Are the k-fold cross-validation scores from scikit-learn's `cross_val_score` and `GridsearchCV` biased if we include transformers in the pipeline?
No, sklearn
doesn't do fit_transform
with entire dataset.
To check this, I subclassed StandardScaler
to print the size of the dataset sent to it.
class StScaler(StandardScaler):
def fit_transform(self,X,y=None):
print(len(X))
return super().fit_transform(X,y)
If you now replace StandardScaler
in your code, you'll see dataset size passed in first case is actually bigger.
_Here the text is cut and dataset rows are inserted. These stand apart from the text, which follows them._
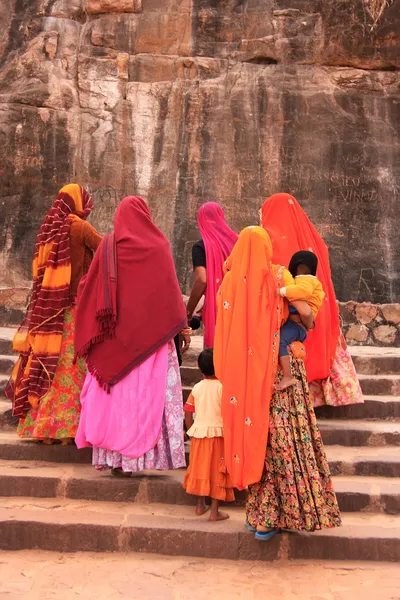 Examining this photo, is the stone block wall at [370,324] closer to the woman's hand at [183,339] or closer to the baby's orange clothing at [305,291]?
the woman's hand at [183,339]

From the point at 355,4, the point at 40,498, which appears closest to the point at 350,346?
the point at 40,498

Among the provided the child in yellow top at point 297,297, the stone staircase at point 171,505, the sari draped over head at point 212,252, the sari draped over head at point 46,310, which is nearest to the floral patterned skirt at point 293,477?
the child in yellow top at point 297,297

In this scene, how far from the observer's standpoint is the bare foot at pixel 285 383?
3152 millimetres

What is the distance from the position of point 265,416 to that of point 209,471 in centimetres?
53

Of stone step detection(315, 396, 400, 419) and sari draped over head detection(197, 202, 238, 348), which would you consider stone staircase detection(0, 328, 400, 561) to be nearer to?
stone step detection(315, 396, 400, 419)

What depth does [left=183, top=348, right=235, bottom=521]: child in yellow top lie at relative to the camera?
3406 mm

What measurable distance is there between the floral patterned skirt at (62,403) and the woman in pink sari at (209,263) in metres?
0.85

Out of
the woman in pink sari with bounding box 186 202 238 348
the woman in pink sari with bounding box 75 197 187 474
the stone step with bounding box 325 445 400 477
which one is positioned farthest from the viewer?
the woman in pink sari with bounding box 186 202 238 348

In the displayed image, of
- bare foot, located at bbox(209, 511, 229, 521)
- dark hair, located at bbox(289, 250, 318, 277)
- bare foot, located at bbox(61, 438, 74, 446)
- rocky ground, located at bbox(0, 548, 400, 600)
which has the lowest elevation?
rocky ground, located at bbox(0, 548, 400, 600)

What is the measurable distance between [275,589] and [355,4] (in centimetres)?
933

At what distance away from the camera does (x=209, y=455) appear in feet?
11.2

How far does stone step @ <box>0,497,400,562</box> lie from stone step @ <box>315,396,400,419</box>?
1143 millimetres

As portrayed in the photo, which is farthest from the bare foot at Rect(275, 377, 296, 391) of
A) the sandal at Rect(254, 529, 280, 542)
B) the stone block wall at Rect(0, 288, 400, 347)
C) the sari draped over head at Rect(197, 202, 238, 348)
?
the stone block wall at Rect(0, 288, 400, 347)

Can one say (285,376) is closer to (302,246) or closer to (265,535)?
(265,535) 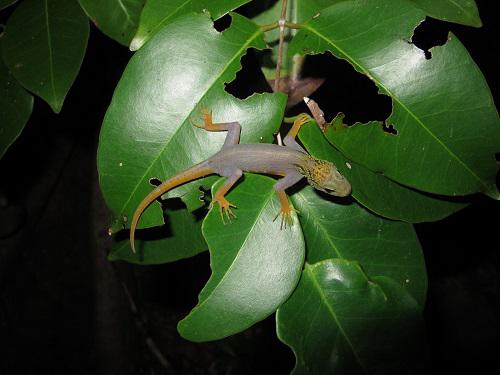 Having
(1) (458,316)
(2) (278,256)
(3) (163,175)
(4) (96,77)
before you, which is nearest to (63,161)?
(4) (96,77)

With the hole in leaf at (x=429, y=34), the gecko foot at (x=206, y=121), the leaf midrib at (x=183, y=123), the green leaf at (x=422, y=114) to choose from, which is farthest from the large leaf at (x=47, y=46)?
the hole in leaf at (x=429, y=34)

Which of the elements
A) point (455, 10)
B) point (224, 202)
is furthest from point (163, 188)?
point (455, 10)

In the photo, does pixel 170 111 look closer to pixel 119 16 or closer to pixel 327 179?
pixel 119 16

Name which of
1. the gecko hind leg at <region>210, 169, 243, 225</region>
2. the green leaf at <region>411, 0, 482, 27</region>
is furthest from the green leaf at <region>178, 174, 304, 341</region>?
the green leaf at <region>411, 0, 482, 27</region>

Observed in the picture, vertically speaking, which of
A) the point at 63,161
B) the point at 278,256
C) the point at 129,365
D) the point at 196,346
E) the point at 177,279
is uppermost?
the point at 278,256

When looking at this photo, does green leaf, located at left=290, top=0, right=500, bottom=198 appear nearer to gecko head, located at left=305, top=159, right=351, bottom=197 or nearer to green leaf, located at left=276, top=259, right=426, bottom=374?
gecko head, located at left=305, top=159, right=351, bottom=197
But why does the accuracy remain exactly same? I think this is because LogisticRegression
is not very sensitive to feature scale. If we instead use a classifier that is very sensitive to scale, like KNeighborsClassifier
for example, you'll find accuracy between two cases start to vary.
X,y = load_breast_cancer(return_X_y=True)
X_sc = StScaler().fit_transform(X)
lr = KNeighborsClassifier(n_neighbors=1)
cross_val_score(lr, X_sc,y, cv=5)
Outputs:
569
[0.94782609 0.96521739 0.97345133 0.92920354 0.9380531 ]
And the 2nd case,
pipe = Pipeline([
('sc', StScaler()),
('lr', KNeighborsClassifier(n_neighbors=1))
])
print(cross_val_score(pipe, X, y, cv=5))
Outputs:
454
454
456
456
456
[0.95652174 0.97391304 0.97345133 0.92920354 0.9380531 ]
Not big change accuracy-wise, but change nonetheless.